- **Task instructions**
Return, unchanged and with no pictures, the lines below from the very first through the one that contains "That's a quick".

★ ★ ★

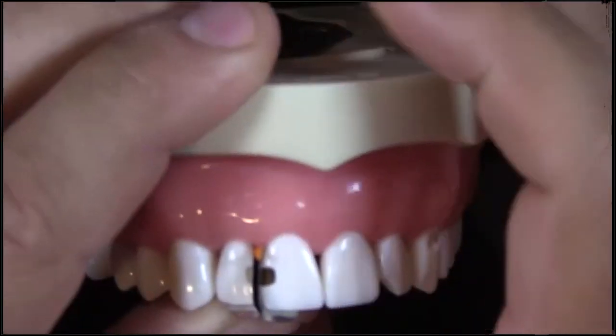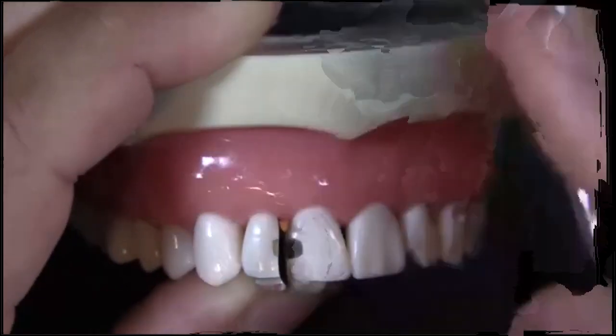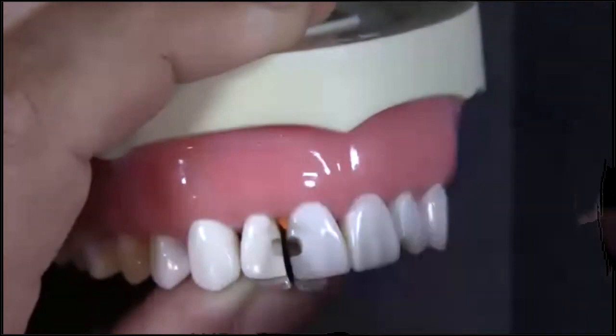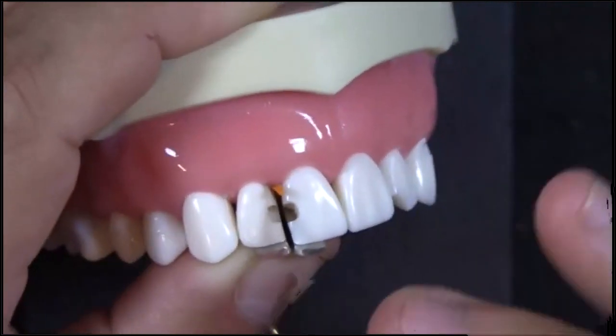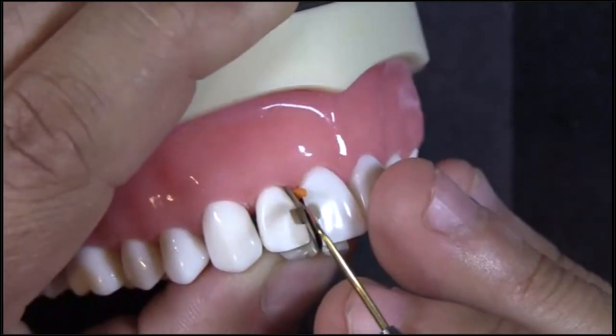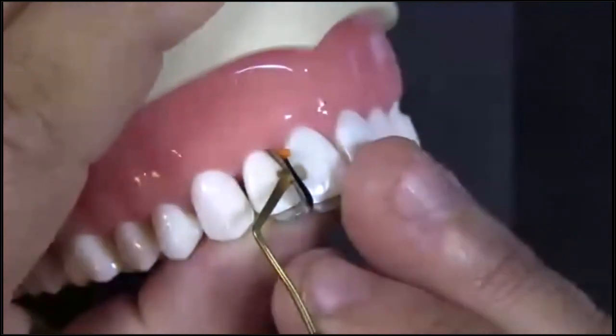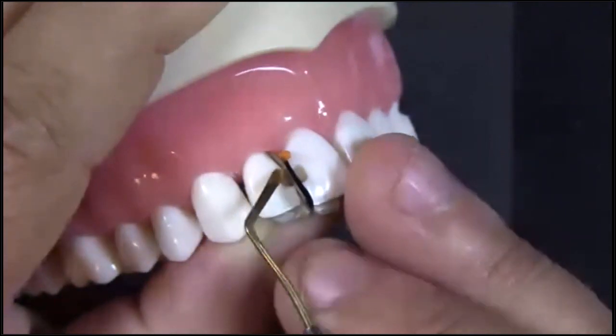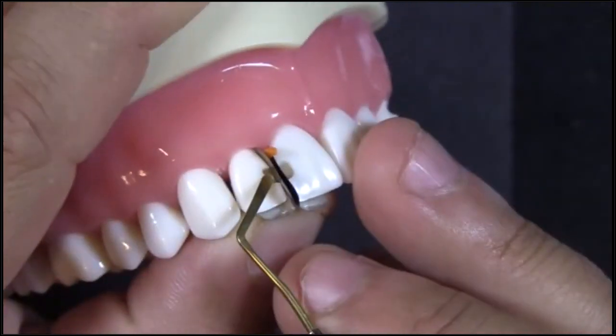What I like to do with these is put composite in, and then set my line angle. There are two different ways you can restore these: you can inject the composite, take a thin instrument like this, and kind of scoop the composite towards the facial surface. That's one way to do it and it works pretty well.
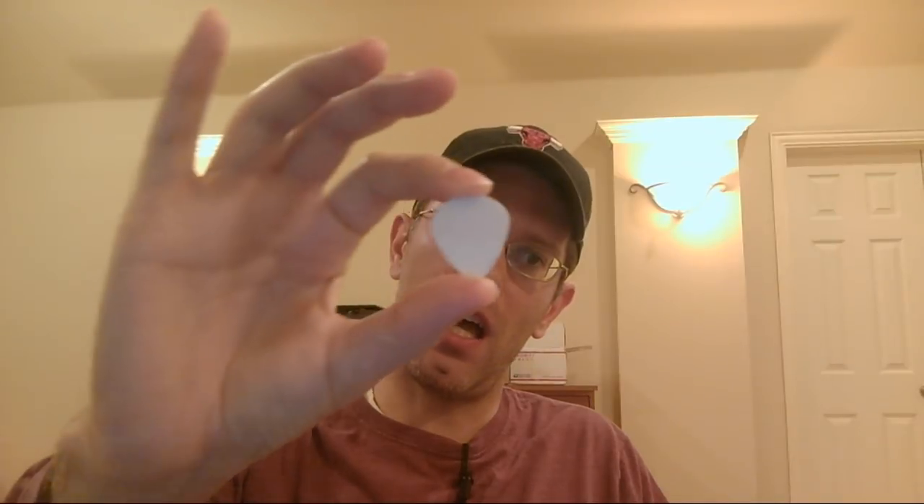Hey everyone, Dan Vuxanovich here with whyisleckaguitar.com, and today we are going to examine one of guitardom's most annoying problems — when your pick gets stuck on the strings. I hate this problem. I used to have this problem, and it's incredibly annoying.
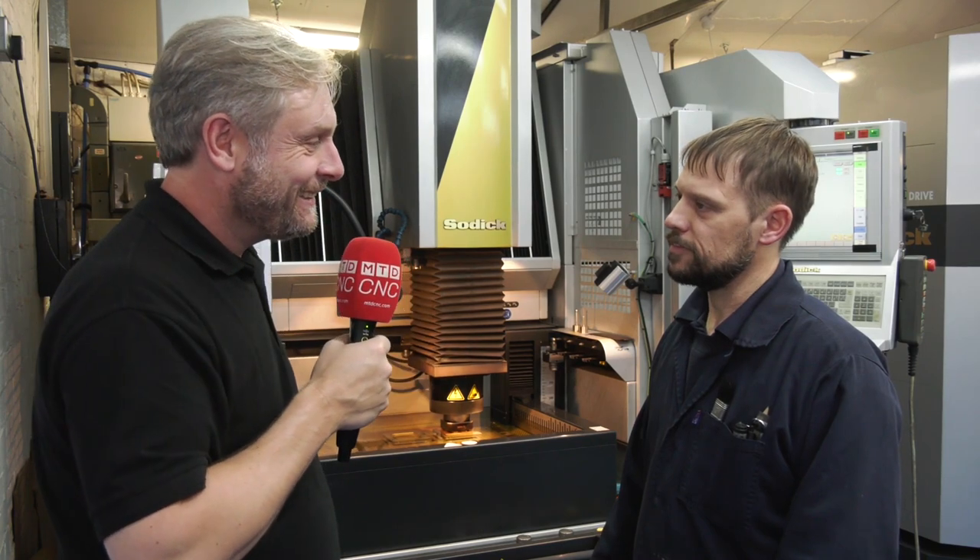That's a quick overview of this Sodic EDM machine. Thank you very much.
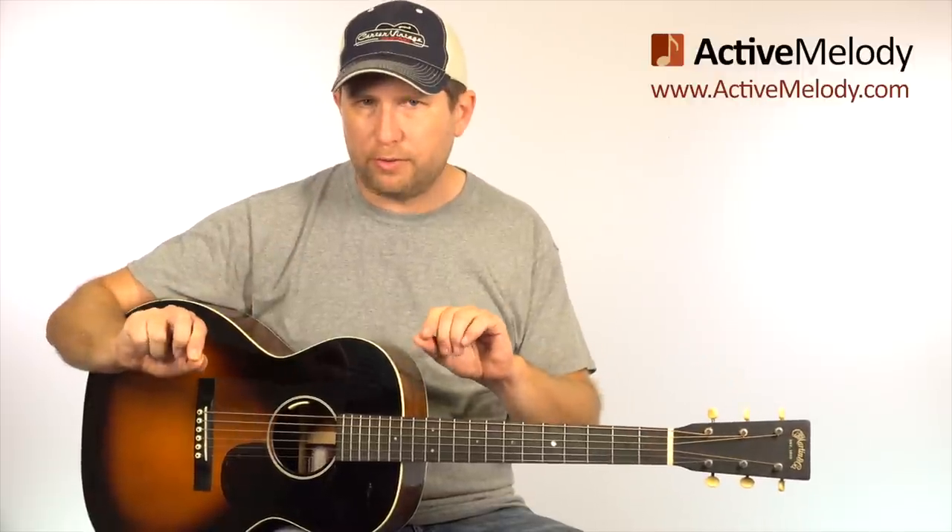One of the things I notice about the way that Willie approaches lead is he's tying everything back to some basic chord shapes, and that's the way that I like to play as well. I think it makes it easier. You can target certain chord tones to make your lead sound more interesting, and then you have a place to anchor everything to. I'll explain that as we get into it.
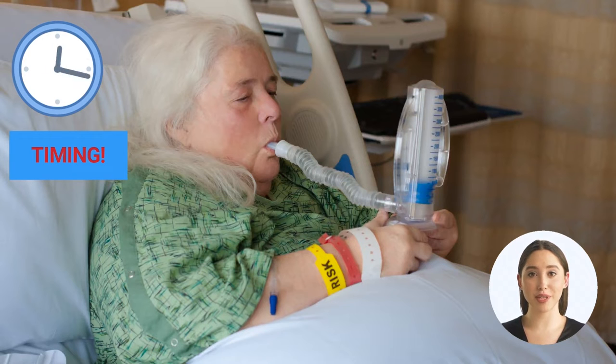Be sure to ask the patient if this is the first time they are using an incentive spirometer. If the patient says they are familiar with it, ask them if they have any questions they would like to review prior to using the apparatus. An example of how to address knowledge gaps is to have the patient demonstrate how to use an incentive spirometer.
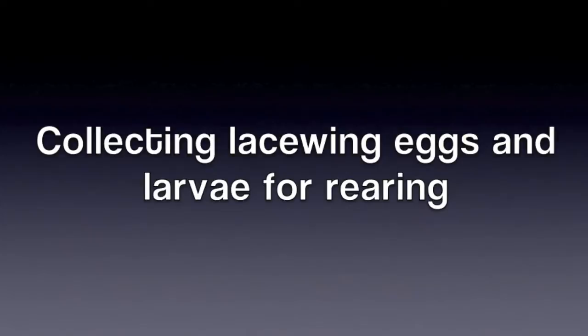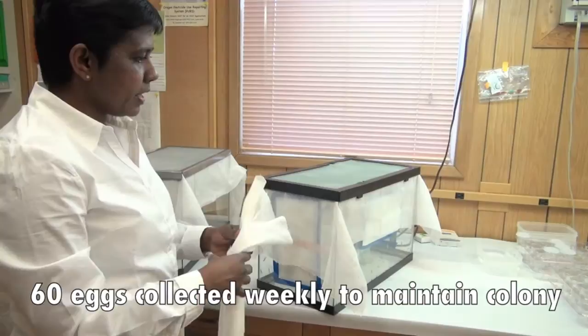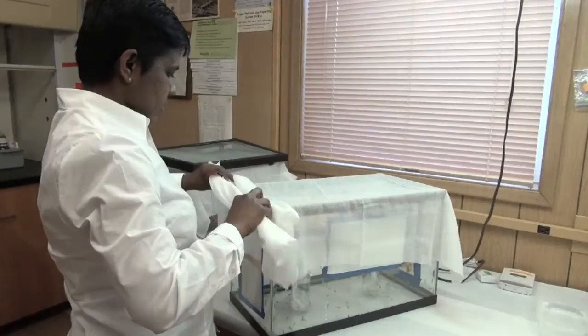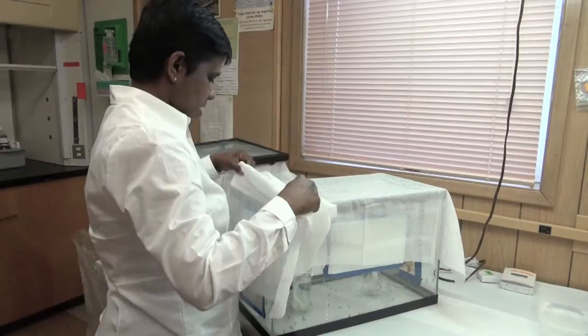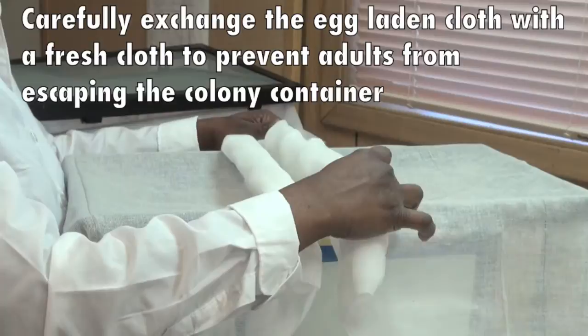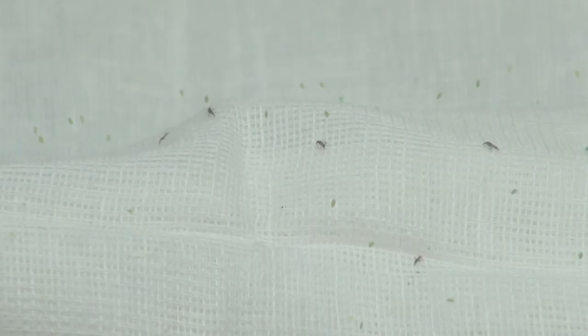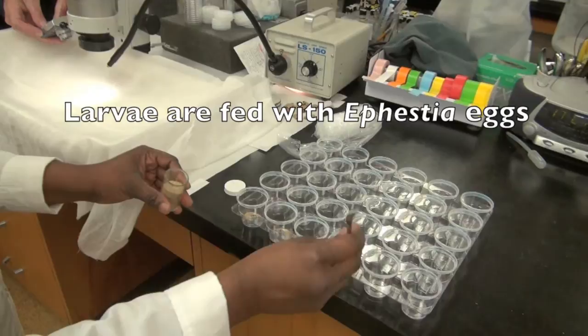Every week we collect 60 eggs for the colony. What we do is we have a piece of cheesecloth that we put in and remove the old cheesecloth. We have our cheesecloth here with eggs and we have our portion cups with paper strips. We normally put two labels: the day we collect the eggs and the day we are going to feed them.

★ ★ ★

- **Answer box**
What I like to do with these is put composite in, and then set my line angle. There are two different ways you can restore these: you can inject the composite, take a thin instrument like this, and kind of scoop the composite towards the facial surface. That's one way to do it and it works pretty well.
Hey everyone, Dan Vuxanovich here with whyisleckaguitar.com, and today we are going to examine one of guitardom's most annoying problems — when your pick gets stuck on the strings. I hate this problem. I used to have this problem, and it's incredibly annoying.
That's a quick overview of this Sodic EDM machine. Thank you very much.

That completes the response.